In a museum near Glen Rose operated by Carl Baugh, a fossil human foot print with a theropod type dinosaur foot print claw cutting into it is on display (I have personally seen the print). The fossil print was found along the Paluxy River as verified by an impartial witness of TV newsmen and curious onlookers as well as a video camera recording logged and dated. The track was removed and became part of the collection. As has been stated, an imprint in mud causes laminar compression layers beneath the print which can be detected by CT scan and ground penetrating radar whereas a chiseled print does not have these laminar layers beneath it. The fossil human and dinosaur print combination, as revealed by CT scan, has these laminar layers which would lead to the logical conclusion that they were both made while the mud was still soft.
For evolutionists to accept this observed and collected specimen of fossil prints as authentic would mean that they would have to put aside their belief that some 60 millions of years of time separate the evolution of dinosaurs from that of man; in fact man and dinosaur lived together before the Great Flood of Noah. It would shake there already unsteady humanistic denial of God and bring them face to face with a conscience that they have tried to ignore. Evolutionary time, of which we have made mention, is a factor that must be measured in the millions, if not billions, of years in order to give evolution time to work it’s wonders of unpredictable, chance occurrences.
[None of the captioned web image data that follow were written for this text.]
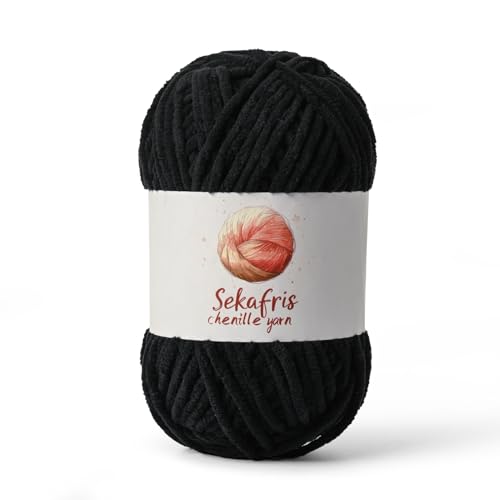 Schwarzes grobes Chenille-Garn zum Häkeln, sperrige Samtgarne zum Häkeln, Babygarn zum Häkeln, weiche Decke, 130 m/100 g, flauschiges Amigurumi-Häkelgarn von Sekafris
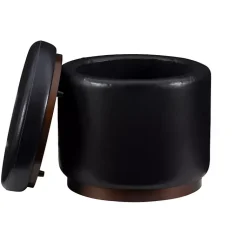 Kirklands Home Round Faux Leather Storage Ottoman Black Hot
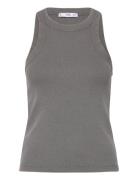 Top Lavado Canalé Algodón Tops T-shirts & Tops Sleeveless Grey Mango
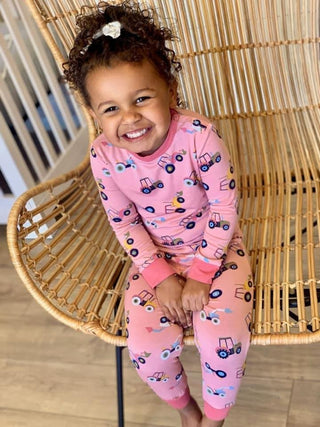 Bamboo Long Sleeve Pajama Sets - Pink Tractors Kozi and Co.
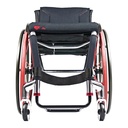 Front view of a Tiga Series aluminium wheelchair with black upholstery and red spokes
Do you believe that a group of hard core humanistic evolutionists with solid reputations in the evolutionary community to defend would allow evidence of this nature to be published in a science journal or to be circulated publically without bias and with impartiality? The answer to this question is that they would not and, indeed, have not. They claim that the method of recovery was unscientific and not observed by the professional community of accepted scientists when in fact they were invited to come and refused. There are other natural observations that reveal a more accurate measure of the time that has elapsed in the natural scheme of things if they are examined impartially. The fact is that this is just one of a number of examples that still exist to be seen by those with eyes to see.
I have not written this article to instigate a debate between a Great Flood geologist like myself and the evolutionist community at large though I would be glad to engage in such a debate and have done so in the past. Such a debate seldom results in persuading the participants to adopt the opposing viewpoint. The truth of the Great Flood of Noah is in the stones for everyone to see. It is like pharaoh hardening his heart toward the truth of God’s power demonstrated in the ten plagues suffered by Egypt. The truth was there for everyone to see but they hardened their hearts toward God and suffered great loss. If the scoffers of today continue to harden their hearts against the true science of creation they will stand before God without excuse and God will proclaim, ‘depart from me all ye workers of inequity, I never knew you’. Dear God of us all have mercy on them.